Some species, once regularly encountered, are less familiar now and not hearing calls so often means I sometimes am not sure of the species. On my phone I keep a digital copy of the Collins Bird Guide which has recordings of the unique call/song of each species. If unsure I can usually remind myself of the species. This year it took a while to locate a bird whose song was familiar but that I couldn’t place. After checking on my phone I eventually found it to be a Treecreeper, an unexpectedly tuneful song for such an unobtrusive species. It took me a while to find the singer as I first checked out outer branches before locating it singing from the tree trunk. On another occasion on an April visit to one of my favourite destinations, Puerto Pollensa, Majorca, walking through the small reserve in town, I heard what I thought was a Great Reed Warbler singing from the middle of a bush.

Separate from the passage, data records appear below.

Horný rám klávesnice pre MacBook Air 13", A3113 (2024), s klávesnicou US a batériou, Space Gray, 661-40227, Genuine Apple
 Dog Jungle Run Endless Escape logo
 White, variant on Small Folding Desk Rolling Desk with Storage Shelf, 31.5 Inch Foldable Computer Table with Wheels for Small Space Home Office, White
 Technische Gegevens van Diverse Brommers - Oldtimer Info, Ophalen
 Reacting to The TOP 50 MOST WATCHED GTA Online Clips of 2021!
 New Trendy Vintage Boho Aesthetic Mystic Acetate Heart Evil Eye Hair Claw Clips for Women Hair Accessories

To confirm I played the song on my phone, I thought I was having trouble stopping it playing until Kay pointed out it was the real bird responding, not the phone!
Recently I realised that I do as much counting and identifying with my ears as I do with eyes. Sadly, now well into my seventies, my eyesight though still good is not what it once was, and my hearing also is not as sharp at the top end. I can still hear Goldcrest song but have to concentrate to pick up the higher pitch of Firecrest song.